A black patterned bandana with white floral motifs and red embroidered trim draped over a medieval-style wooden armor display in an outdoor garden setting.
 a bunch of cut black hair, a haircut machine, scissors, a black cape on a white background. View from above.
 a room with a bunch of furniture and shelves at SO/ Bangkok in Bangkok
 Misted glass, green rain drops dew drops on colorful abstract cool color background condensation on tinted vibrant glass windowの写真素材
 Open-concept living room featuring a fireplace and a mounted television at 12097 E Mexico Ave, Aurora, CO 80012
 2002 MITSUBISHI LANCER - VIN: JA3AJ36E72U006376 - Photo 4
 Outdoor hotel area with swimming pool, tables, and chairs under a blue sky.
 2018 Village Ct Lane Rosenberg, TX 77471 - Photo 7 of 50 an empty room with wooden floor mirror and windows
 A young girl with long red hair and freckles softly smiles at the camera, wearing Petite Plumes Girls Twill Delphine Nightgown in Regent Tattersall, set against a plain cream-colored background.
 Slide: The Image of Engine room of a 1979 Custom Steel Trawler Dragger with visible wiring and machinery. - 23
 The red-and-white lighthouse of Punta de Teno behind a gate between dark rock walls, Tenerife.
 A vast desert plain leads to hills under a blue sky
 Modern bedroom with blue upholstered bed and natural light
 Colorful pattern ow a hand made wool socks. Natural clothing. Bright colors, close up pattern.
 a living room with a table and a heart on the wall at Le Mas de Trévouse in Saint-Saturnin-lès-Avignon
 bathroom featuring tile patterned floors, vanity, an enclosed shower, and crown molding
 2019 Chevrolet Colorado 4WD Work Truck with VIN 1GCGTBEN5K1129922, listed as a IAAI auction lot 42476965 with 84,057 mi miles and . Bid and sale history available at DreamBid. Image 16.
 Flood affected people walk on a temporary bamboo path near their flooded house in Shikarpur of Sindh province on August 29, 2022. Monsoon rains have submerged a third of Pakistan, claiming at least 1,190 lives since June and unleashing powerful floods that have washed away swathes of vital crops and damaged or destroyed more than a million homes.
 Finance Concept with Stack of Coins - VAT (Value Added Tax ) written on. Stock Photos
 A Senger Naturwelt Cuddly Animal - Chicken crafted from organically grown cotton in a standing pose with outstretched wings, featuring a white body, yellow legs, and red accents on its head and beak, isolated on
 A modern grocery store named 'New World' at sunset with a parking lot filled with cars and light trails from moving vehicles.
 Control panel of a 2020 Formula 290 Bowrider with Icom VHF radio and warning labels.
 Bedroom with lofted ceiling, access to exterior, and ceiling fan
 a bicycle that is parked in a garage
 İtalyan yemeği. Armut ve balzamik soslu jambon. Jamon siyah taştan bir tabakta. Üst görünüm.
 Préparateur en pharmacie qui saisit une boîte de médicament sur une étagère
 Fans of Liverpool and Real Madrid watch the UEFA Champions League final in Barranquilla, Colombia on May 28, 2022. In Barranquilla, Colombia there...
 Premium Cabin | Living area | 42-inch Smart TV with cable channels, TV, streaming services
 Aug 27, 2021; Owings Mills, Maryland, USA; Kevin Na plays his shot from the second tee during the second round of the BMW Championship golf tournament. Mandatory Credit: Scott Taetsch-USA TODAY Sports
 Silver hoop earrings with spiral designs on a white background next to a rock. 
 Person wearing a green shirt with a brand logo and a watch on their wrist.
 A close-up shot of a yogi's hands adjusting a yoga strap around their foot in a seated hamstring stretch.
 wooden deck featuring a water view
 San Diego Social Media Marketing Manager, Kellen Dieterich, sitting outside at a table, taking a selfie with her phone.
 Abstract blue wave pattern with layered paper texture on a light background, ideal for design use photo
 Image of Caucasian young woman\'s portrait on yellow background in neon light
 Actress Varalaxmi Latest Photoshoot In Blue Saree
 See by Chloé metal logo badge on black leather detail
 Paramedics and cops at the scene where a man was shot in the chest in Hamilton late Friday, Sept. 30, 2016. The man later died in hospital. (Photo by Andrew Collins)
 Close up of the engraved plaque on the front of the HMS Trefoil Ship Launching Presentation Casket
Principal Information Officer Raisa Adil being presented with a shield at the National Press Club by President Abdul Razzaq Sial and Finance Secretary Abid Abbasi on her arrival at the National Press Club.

Work task: Out of the data above, transcribe exactly and only the lines starting with the line that has "Modern bedroom with" and going on through the line that has "Control panel of", both included.

Exercise solution:
 Modern bedroom with blue upholstered bed and natural light
 Colorful pattern ow a hand made wool socks. Natural clothing. Bright colors, close up pattern.
 a living room with a table and a heart on the wall at Le Mas de Trévouse in Saint-Saturnin-lès-Avignon
 bathroom featuring tile patterned floors, vanity, an enclosed shower, and crown molding
 2019 Chevrolet Colorado 4WD Work Truck with VIN 1GCGTBEN5K1129922, listed as a IAAI auction lot 42476965 with 84,057 mi miles and . Bid and sale history available at DreamBid. Image 16.
 Flood affected people walk on a temporary bamboo path near their flooded house in Shikarpur of Sindh province on August 29, 2022. Monsoon rains have submerged a third of Pakistan, claiming at least 1,190 lives since June and unleashing powerful floods that have washed away swathes of vital crops and damaged or destroyed more than a million homes.
 Finance Concept with Stack of Coins - VAT (Value Added Tax ) written on. Stock Photos
 A Senger Naturwelt Cuddly Animal - Chicken crafted from organically grown cotton in a standing pose with outstretched wings, featuring a white body, yellow legs, and red accents on its head and beak, isolated on
 A modern grocery store named 'New World' at sunset with a parking lot filled with cars and light trails from moving vehicles.
 Control panel of a 2020 Formula 290 Bowrider with Icom VHF radio and warning labels.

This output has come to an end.